Government may not burden a person’s or religious organization’s religious liberty. The right to act or refuse to act in a manner motivated by a sincerely held religious belief may not be burdened unless the government proves it has a compelling governmental interest in infringing the specific act or refusal to act and has used the least restrictive means to further that interest. A burden includes indirect burdens such as withholding benefits, assessing penalties, or an exclusion from programs or access to facilities.

To translate this a bit, many states and the federal government exempt religious believers from some laws that “substantially burden” their religious faith. The North Dakota initiative, however, targets any law that merely “burdens” a person’s religious faith. In other words, even the most minor inconveniences to religious practices would be suspect under the initiative. A person who is running late to church could claim it is illegal to make them obey traffic lights.

Worse, the law could have severe consequences for gay men, lesbians and other groups disfavored by the religious right. As law professor Marci Hamilton explains, the initiative appears worded to bypass the Supreme Court’s recent decision in Christian Legal Society v. Martinez which held that anti-gay groups cannot force state universities to fund them in violation of the university’s anti-discrimination policy.

Nor is the initiative the only example of the religious right trying to be above the law. An appeals court in New Mexico recently rejected an argument by an anti-gay business owner which could have exempted New Mexicans from any anti-discrimination law — including bans on race and gender discrimination — that they have a religious objection to. Similarly, conservatives ranging from the Catholic Bishops to Speaker John Boehner claim that the Constitution gives them sweeping immunity from laws they disagree with. Even conservative Justice Antonin Scalia has rejected the bishops’ view.

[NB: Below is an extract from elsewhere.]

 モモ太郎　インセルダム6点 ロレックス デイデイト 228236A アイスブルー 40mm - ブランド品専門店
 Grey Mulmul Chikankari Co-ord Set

These are the same people who rave on about muslin terrists, which is as hilarious as it is frightening, because they are true soul mates with the Muslim freakazoids running theocracies in Iran, Saudia Arabia and Afghanistan (and soon Egypt.)

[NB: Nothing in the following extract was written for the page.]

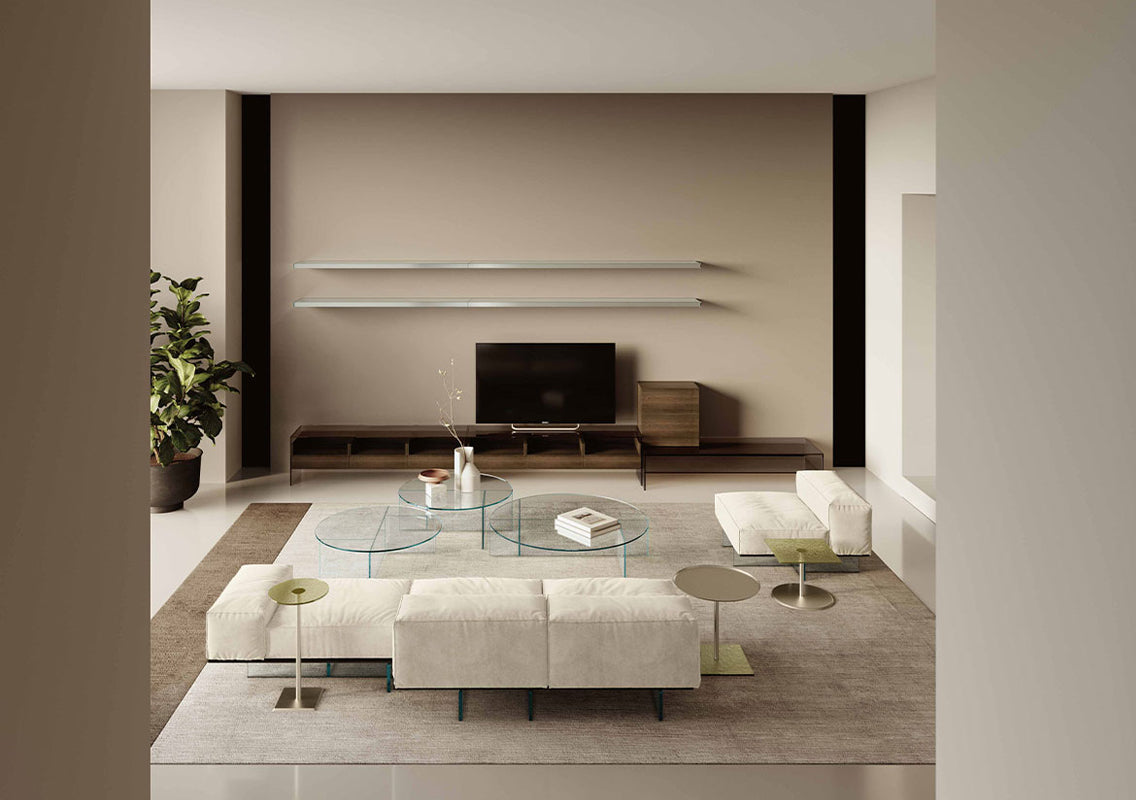 Soft Glass Sectional Fabric Sofa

David Atkins at Hullabaloo:

It's amazing how seamlessly rightwing rhetoric on healthcare mandates ties in with forcing the troops to pray to Jesus and abolition of public education for these people. Sometimes I wish they could go found their own little country somewhere, fulfill their strange mix of economic libertarian and social theocracy on their own turf and see how well it works out for them.

Go Galt, freakazoids! Wall Street and the Catlick Church were made for each other.